### Saved entries
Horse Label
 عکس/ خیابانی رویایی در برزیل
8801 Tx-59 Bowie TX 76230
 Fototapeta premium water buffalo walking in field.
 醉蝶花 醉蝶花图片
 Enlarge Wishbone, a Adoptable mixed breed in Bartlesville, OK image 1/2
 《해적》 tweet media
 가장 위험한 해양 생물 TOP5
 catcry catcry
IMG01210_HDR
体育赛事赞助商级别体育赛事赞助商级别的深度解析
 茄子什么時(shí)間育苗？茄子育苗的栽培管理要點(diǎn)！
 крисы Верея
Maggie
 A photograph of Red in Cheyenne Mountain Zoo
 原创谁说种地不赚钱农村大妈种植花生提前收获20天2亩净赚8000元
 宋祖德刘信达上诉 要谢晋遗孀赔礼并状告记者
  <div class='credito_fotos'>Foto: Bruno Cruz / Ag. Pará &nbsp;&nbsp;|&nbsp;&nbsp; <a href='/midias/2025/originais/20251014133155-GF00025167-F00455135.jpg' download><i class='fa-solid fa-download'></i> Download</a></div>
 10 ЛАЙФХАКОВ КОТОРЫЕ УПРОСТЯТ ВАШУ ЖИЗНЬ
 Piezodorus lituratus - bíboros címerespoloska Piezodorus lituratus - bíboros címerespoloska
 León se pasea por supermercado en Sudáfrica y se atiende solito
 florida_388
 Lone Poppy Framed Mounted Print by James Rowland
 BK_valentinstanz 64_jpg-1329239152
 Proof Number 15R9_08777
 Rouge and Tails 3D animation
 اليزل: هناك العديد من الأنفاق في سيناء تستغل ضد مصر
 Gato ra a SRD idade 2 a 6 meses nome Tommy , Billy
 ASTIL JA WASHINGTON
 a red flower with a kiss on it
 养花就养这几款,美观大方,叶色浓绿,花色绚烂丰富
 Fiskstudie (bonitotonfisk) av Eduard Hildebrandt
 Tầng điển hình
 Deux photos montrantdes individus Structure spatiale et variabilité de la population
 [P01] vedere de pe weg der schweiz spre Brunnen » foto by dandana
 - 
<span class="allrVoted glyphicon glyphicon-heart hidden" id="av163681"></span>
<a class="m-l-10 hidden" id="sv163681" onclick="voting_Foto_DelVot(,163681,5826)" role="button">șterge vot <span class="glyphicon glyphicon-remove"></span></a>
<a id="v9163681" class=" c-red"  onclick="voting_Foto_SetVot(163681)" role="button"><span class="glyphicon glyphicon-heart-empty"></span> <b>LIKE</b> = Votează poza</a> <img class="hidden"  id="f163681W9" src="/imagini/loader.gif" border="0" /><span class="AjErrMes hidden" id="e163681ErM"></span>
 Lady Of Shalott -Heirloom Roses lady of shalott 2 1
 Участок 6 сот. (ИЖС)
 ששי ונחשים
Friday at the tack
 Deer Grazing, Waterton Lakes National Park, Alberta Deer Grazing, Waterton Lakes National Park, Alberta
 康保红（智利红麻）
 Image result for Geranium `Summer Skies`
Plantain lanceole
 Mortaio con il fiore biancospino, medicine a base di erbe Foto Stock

### What you will do
Every line from above should appear again in the answer, exactly as written.

### Expected answer
Horse Label
 عکس/ خیابانی رویایی در برزیل
8801 Tx-59 Bowie TX 76230
 Fototapeta premium water buffalo walking in field.
 醉蝶花 醉蝶花图片
 Enlarge Wishbone, a Adoptable mixed breed in Bartlesville, OK image 1/2
 《해적》 tweet media
 가장 위험한 해양 생물 TOP5
 catcry catcry
IMG01210_HDR
体育赛事赞助商级别体育赛事赞助商级别的深度解析
 茄子什么時(shí)間育苗？茄子育苗的栽培管理要點(diǎn)！
 крисы Верея
Maggie
 A photograph of Red in Cheyenne Mountain Zoo
 原创谁说种地不赚钱农村大妈种植花生提前收获20天2亩净赚8000元
 宋祖德刘信达上诉 要谢晋遗孀赔礼并状告记者
  <div class='credito_fotos'>Foto: Bruno Cruz / Ag. Pará &nbsp;&nbsp;|&nbsp;&nbsp; <a href='/midias/2025/originais/20251014133155-GF00025167-F00455135.jpg' download><i class='fa-solid fa-download'></i> Download</a></div>
 10 ЛАЙФХАКОВ КОТОРЫЕ УПРОСТЯТ ВАШУ ЖИЗНЬ
 Piezodorus lituratus - bíboros címerespoloska Piezodorus lituratus - bíboros címerespoloska
 León se pasea por supermercado en Sudáfrica y se atiende solito
 florida_388
 Lone Poppy Framed Mounted Print by James Rowland
 BK_valentinstanz 64_jpg-1329239152
 Proof Number 15R9_08777
 Rouge and Tails 3D animation
 اليزل: هناك العديد من الأنفاق في سيناء تستغل ضد مصر
 Gato ra a SRD idade 2 a 6 meses nome Tommy , Billy
 ASTIL JA WASHINGTON
 a red flower with a kiss on it
 养花就养这几款,美观大方,叶色浓绿,花色绚烂丰富
 Fiskstudie (bonitotonfisk) av Eduard Hildebrandt
 Tầng điển hình
 Deux photos montrantdes individus Structure spatiale et variabilité de la population
 [P01] vedere de pe weg der schweiz spre Brunnen » foto by dandana
 - 
<span class="allrVoted glyphicon glyphicon-heart hidden" id="av163681"></span>
<a class="m-l-10 hidden" id="sv163681" onclick="voting_Foto_DelVot(,163681,5826)" role="button">șterge vot <span class="glyphicon glyphicon-remove"></span></a>
<a id="v9163681" class=" c-red"  onclick="voting_Foto_SetVot(163681)" role="button"><span class="glyphicon glyphicon-heart-empty"></span> <b>LIKE</b> = Votează poza</a> <img class="hidden"  id="f163681W9" src="/imagini/loader.gif" border="0" /><span class="AjErrMes hidden" id="e163681ErM"></span>
 Lady Of Shalott -Heirloom Roses lady of shalott 2 1
 Участок 6 сот. (ИЖС)
 ששי ונחשים
Friday at the tack
 Deer Grazing, Waterton Lakes National Park, Alberta Deer Grazing, Waterton Lakes National Park, Alberta
 康保红（智利红麻）
 Image result for Geranium `Summer Skies`
Plantain lanceole
 Mortaio con il fiore biancospino, medicine a base di erbe Foto Stock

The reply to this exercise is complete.